With help from a talented crew of subcontractors, Abe and Okawa executed an interior that is as industrially inspired and chic as the modern European style Jankilevitsch loves. They accomplished this through the skilled use of color and materials, so that walls finished with Venetian plaster look like concrete, and an apartment with standard ceiling heights feels lofty. “The color is blue-gray, and it is all over the entire space,” says Abe. “It resembles concrete. The ceilings are all painted a soft gray. The resulting look is industrial and edgy, but warm.”

The layout places the kitchen at the center of the apartment. Jankilevitsch had envisioned a wall of stone around the core of the unit. “I wanted the interior to function like a large circle with a smaller circle inside, and for all the walls to look like either concrete or stone,” he says.

The designers sheathed the kitchen walls with a slender, dark-gray, Japanese ceramic tile laid horizontally. The effect is textured and rich, and reinforces the industrial look Jankilevitsch was after. “Both the inside and the outside of the kitchen walls have that look of textured stone,” he explains. “With the kitchen at the center, the layout makes for a very nice flow.”

The living room, dining room, and kitchen constitute the open, public areas of the condo. Behind the kitchen is the homeowner’s study. The three bedrooms sit on the other side of the unit, hidden behind a floor-to-ceiling door beside the entry. “All the doors in the apartment go from floor to ceiling,” Abe says. “It is part of what gives it that sleek, clean look.”

Achieving that look required meticulous engineering, says Deborah Butler, millwork project manager at Woodmeister Master Builders, general contractors for the project.

“The Venetian plaster and the lines of the doors going all the way from floor to ceiling draw the eye up and make the space look bigger,” Butler says. “But it means that we have to start with the substrate and make everything fit perfectly.

“Door casings typically go atop walls and hide any imperfections in fit,” she continues. “But here, we had to work from the inside out. We took dimensions, made framing, and put shims behind the wallboard so that everything would align. All this is done after the walls are plastered and tiled. If the lines where the doors meet the ceiling were off, you would see it and it would spoil the effect.”

Paint that gives the surface of the doors a metallic look reinforces the industrial sensibility of the space.

To get the warmth their client wanted, Abe and Okawa introduced natural elements that add texture and intensity. “We used materials like stone, wood, and glass—materials that are very sleek, but rich,” Okawa says. A long dining table of dark walnut stands at the ready for company. A live-edge slab of walnut tops the boxy gray coffee table. And the kitchen peninsula is accented with a slab of walnut, too, softening the stainless steel and ceramic tile.

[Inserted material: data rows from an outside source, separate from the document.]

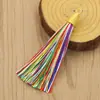 Franja de fio de ouro metálico 8cm, franja decorativa, pingente de roupa, ornamento de bola com parafuso, franja para marcador de página, atacado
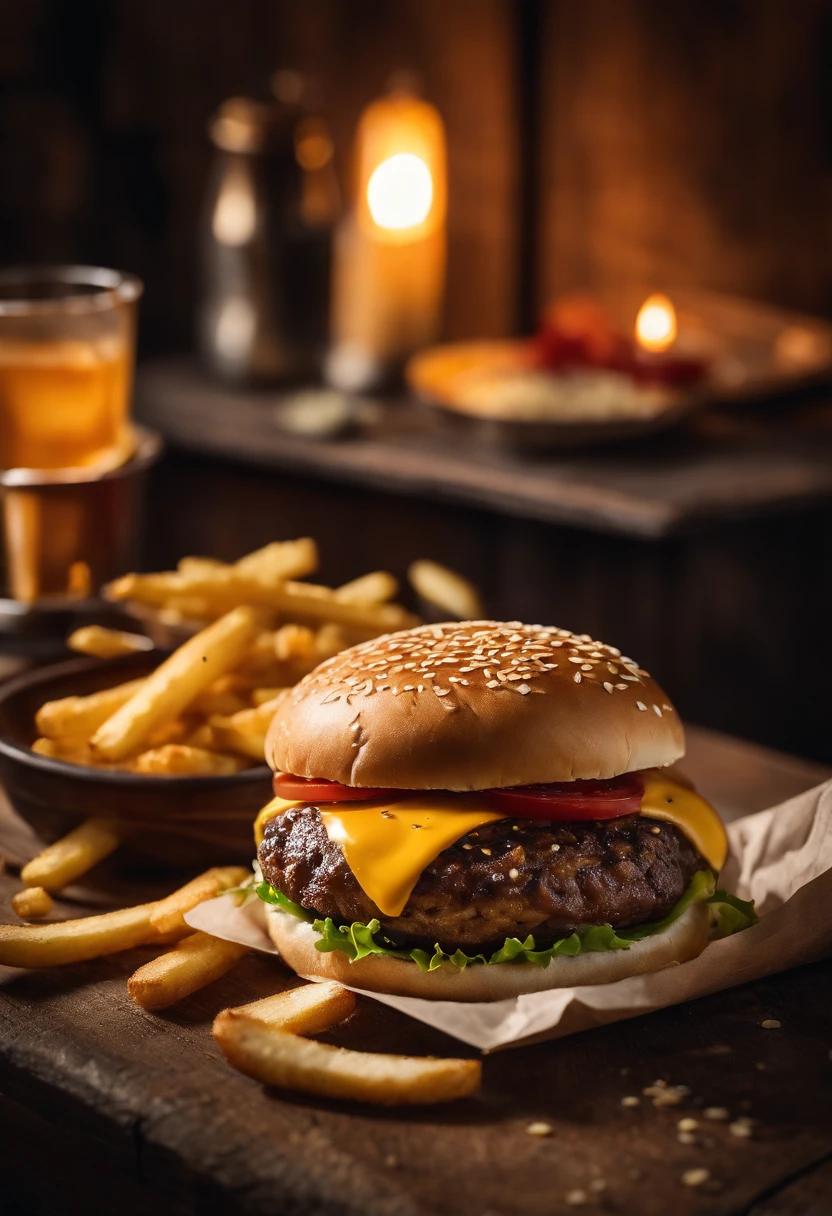 a top-down shot of a cheeseburger on a rustic wooden table, with sesame seeds sprinkled on the bun and a side of crispy golden fries, creating a classic American diner aesthetic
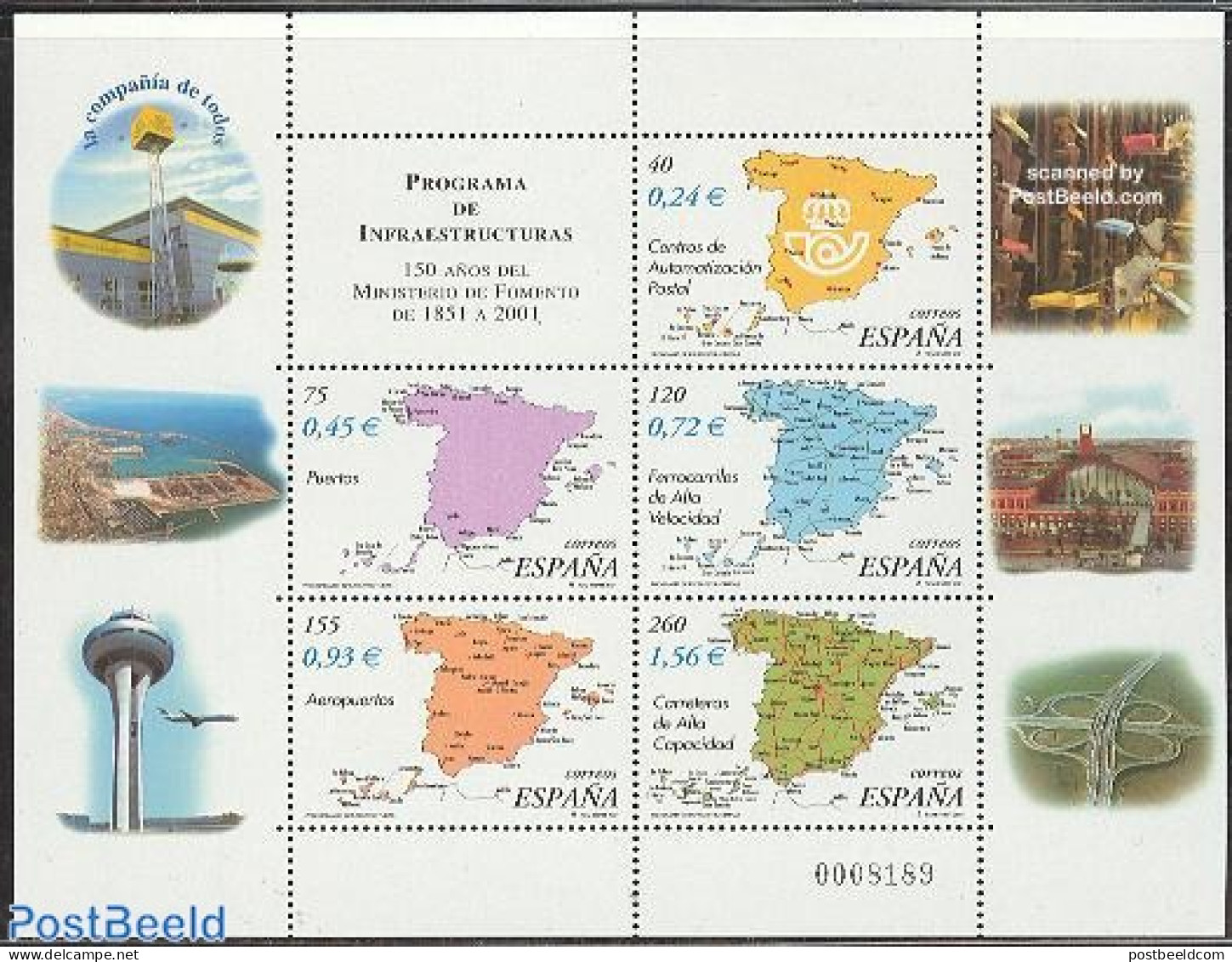 Spain 2001 Infrastructure S/S, Mint NH, Transport - Various - Post - Aircraft & Aviation - Railways - Maps - Ungebraucht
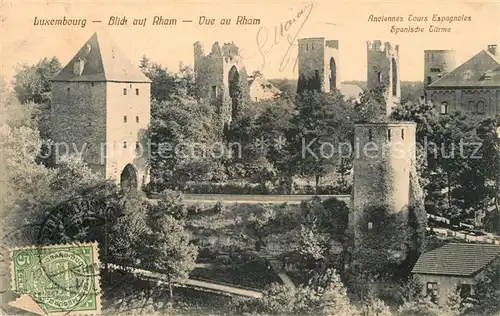 AK / Ansichtskarte Luxembourg Blick auf Rham Spanische Tuerme Luxembourg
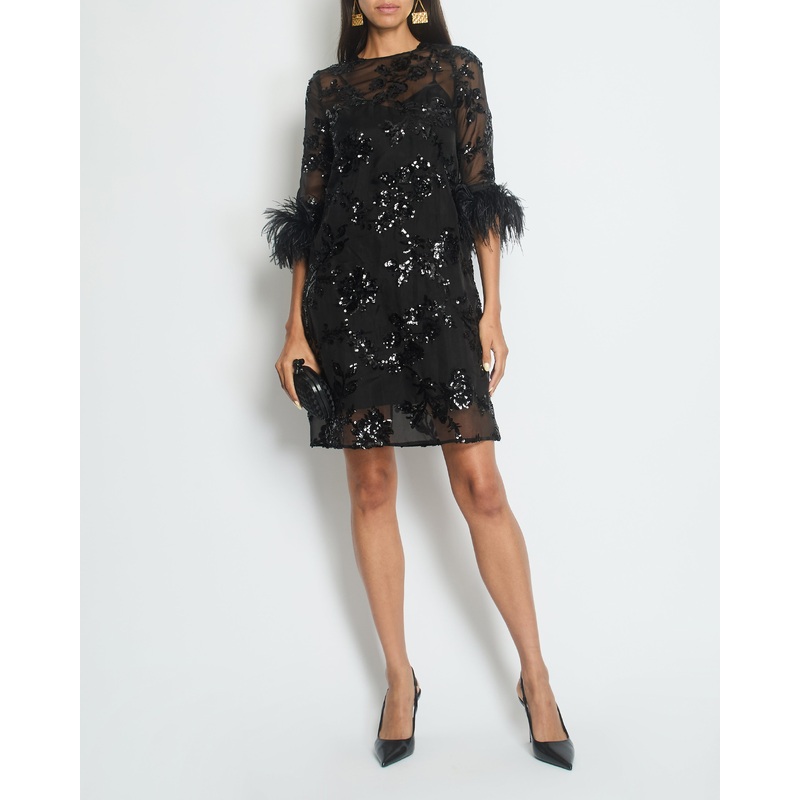 Erdem Black Silk Embellished Mini Dress with Cropped Sleeves and Feather Cuff Detail IT 40 (UK 8)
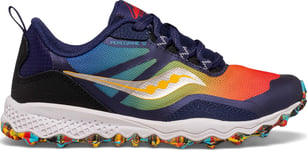 Saucony Saucony Kids' Peregrine 12 Shield Blue/Red/Yellow 38, Blue/Red/Yellow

The designers bleached the white ash flooring throughout the apartment. “This way, the grain is stronger,” Okawa notes. “It gives it more of a natural feeling and, thus, more warmth.” A shag rug in the living room area and hide rugs in the study and master bedroom add a plush counterpoint as well.

An industrial aesthetic does not rule out all whimsy. Just inside the front door, Okawa placed a set of hooks in the shape of hands. Gilded branches are recurring decorative elements. And a jolt of color here and there—an orange bench in the foyer, a cobalt-blue side table by a chair in the master bedroom, and vivid pieces of modern art—imparts a light touch.

The lighting, too, bridges the divide between industrial and homey, thanks to the work of Mark Howland of Howland Architecture Studio in Somerville, Massachusetts. In the entrance hall, the ceiling’s recessed LED lights illuminate one of Jankilevitsch’s large contemporary paintings. More LEDs—often hidden in the moldings around the recessed ceilings—cast ample glow in the living room area and the kitchen. “You don’t see the fixtures, but the area is flooded with light,” Jankilevitsch notes.

While he loves to entertain, and so enjoys the wide-open spaces of the kitchen and living and dining areas, Jankilevitsch confesses that the study is his favorite room.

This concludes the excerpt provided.